What is needed ▸ Everything in the data must be repeated exactly, apart from the pictures, which are left out.

Material provided ▸

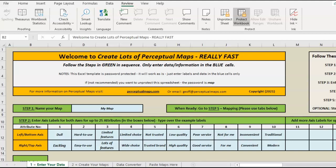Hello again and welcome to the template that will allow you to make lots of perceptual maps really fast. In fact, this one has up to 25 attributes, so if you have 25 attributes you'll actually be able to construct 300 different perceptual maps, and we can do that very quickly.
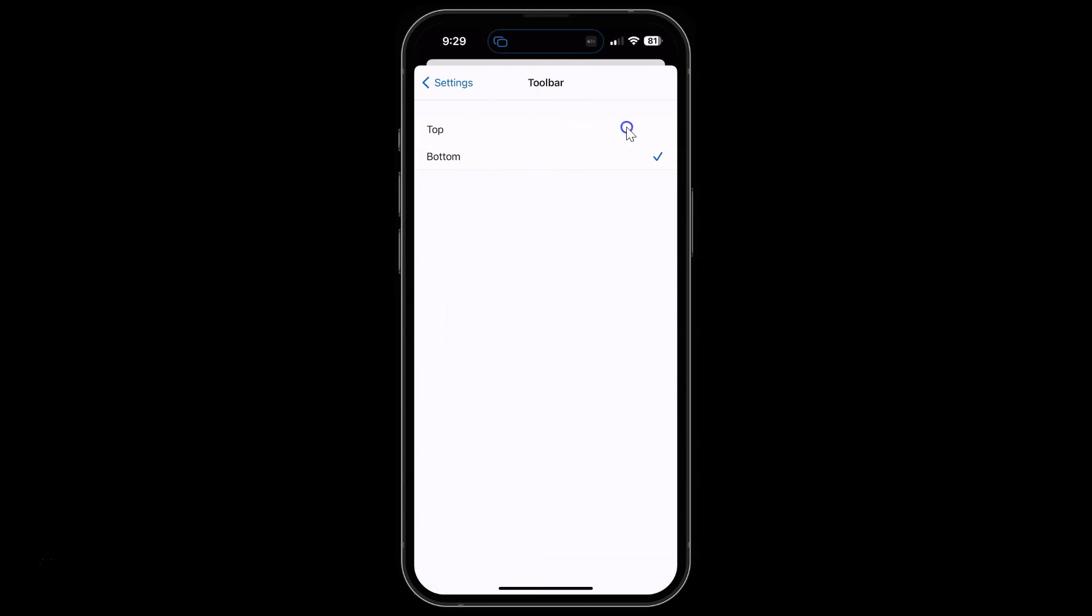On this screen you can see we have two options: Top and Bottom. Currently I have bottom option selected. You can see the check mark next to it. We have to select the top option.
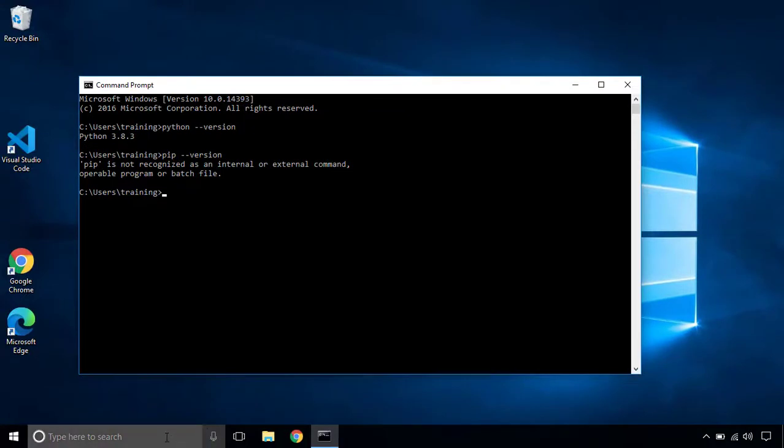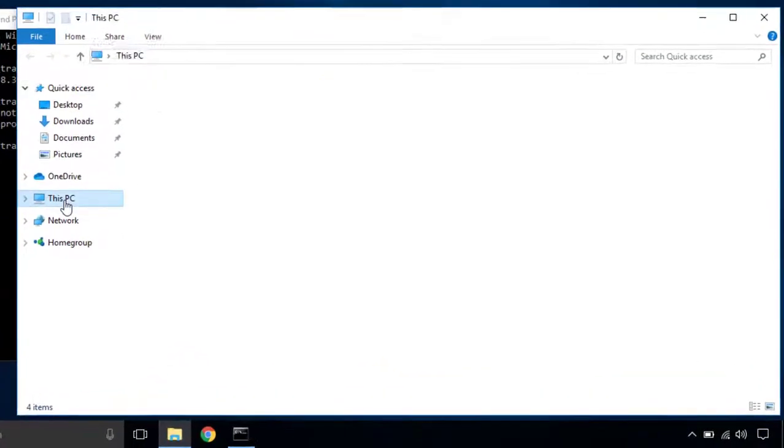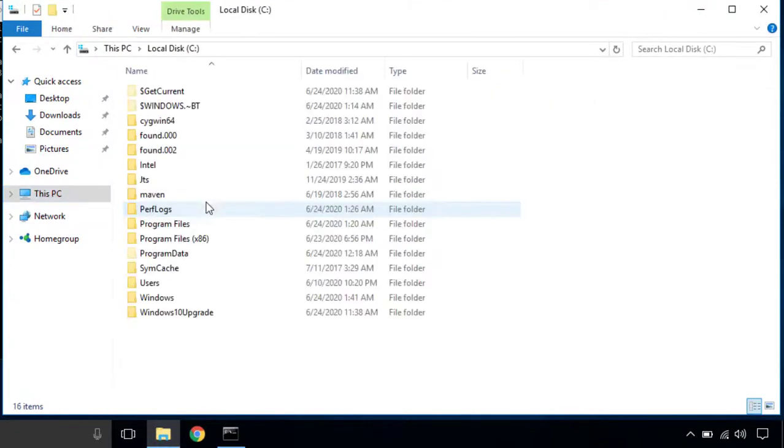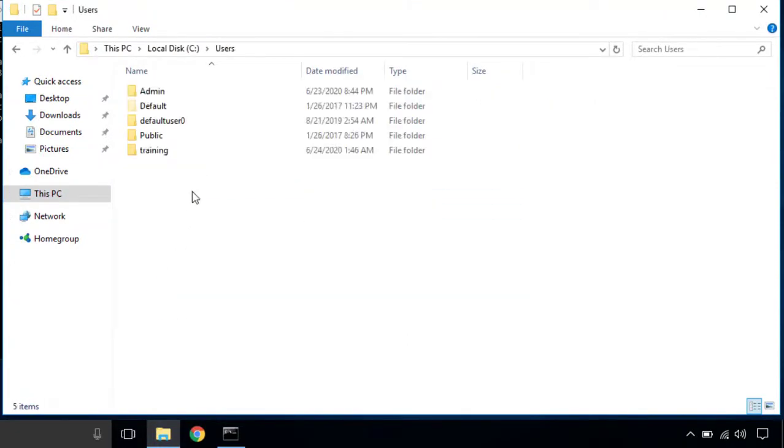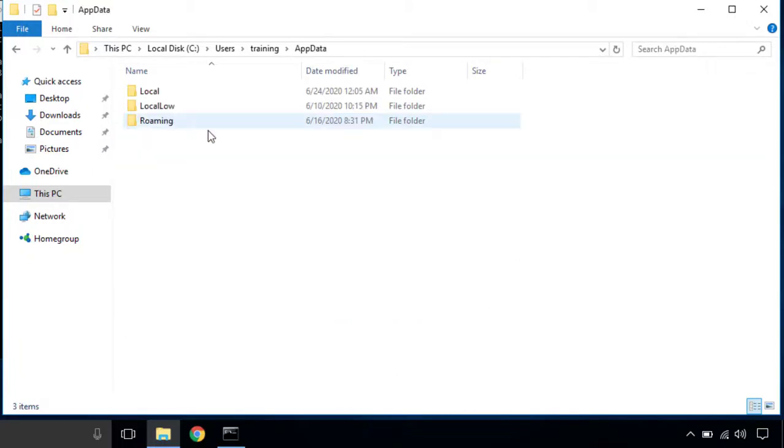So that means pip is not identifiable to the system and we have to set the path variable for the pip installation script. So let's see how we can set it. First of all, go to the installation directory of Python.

Solved problem ▸
Hello again and welcome to the template that will allow you to make lots of perceptual maps really fast. In fact, this one has up to 25 attributes, so if you have 25 attributes you'll actually be able to construct 300 different perceptual maps, and we can do that very quickly.
On this screen you can see we have two options: Top and Bottom. Currently I have bottom option selected. You can see the check mark next to it. We have to select the top option.
So that means pip is not identifiable to the system and we have to set the path variable for the pip installation script. So let's see how we can set it. First of all, go to the installation directory of Python.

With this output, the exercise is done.